Scope. The policy encompasses;

  1. the work-related health, safety and welfare of all students in the Department, including those on field trips and (to some extent) students on placement

  2. the physical environment under the control of the Department (laboratories and offices in the Buildings 4 South and 3 South and associated facilities such as workshop, aquaria, glasshouses and insectaries)

  3. the protection of anyone else whose health or safety could be affected as a consequence of work activities or the physical environment under the control of the Department.

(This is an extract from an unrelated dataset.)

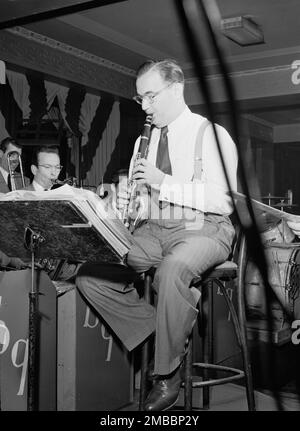 Portrait de Benny Goodman, 400 Restaurant, New York, New York, env. Juillet 1946. Banque D'Images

Supervision of undergraduate students in laboratories and workshops
Undergraduate students (including project students) must be supervised at all times when working in laboratories and workshops. Academic staff who are absent from the University during a laboratory practical class for which they are responsible must ensure that a deputy is formally appointed and students, demonstrators and technical staff must be told who the deputy is. Undergraduate project students are not permitted to work in laboratories between 6pm and 8am Monday to Friday and University closures.



Responsibilities of individual workers
We all have a common-law duty to look after ourselves, and others who could be affected by what we do or fail to do. Deliberate interference with facilities provided to comply with health and safety legislation is a criminal offence. In the University offenders can also expect their actions to result in disciplinary procedures.
Students must sign the safety awareness statement at the front of all class schedules, and follow the written and verbal instructions of practical class supervisors.
Project students (with their project supervisor) must agree their competence level for activities outlined in the relevant generic and special risk assessments.



Emergency evacuation procedures. On hearing the emergency alarms you should do the following as quickly as possible without putting yourself or others at risk;

  • Undergraduate students in a practical class or lecture/seminar room must follow the instructions of the supervisor.

  • Calmly leave the laboratory/room as soon as possible, leave lights on and close the door.

  • Leave the building by the nearest exit and all go to one emergency assembly point under the direction of the supervisor. (Suggested assembly points for Buildings 4 South and 3 South are indicated on the map.)

  • Await further instructions from the security staff, members of the emergency services, senior School or University staff.

  • Do not re-enter buildings until the alarms have stopped and you are specifically told it is safe to do so. (The emergency may not be over just because the alarms have stopped.


A formal review of this Safety Policy will be carried out in May 2007.

Signed by Professor Jonathan Slack, Head of Department of Biology and Biochemistry, 1st June 2005.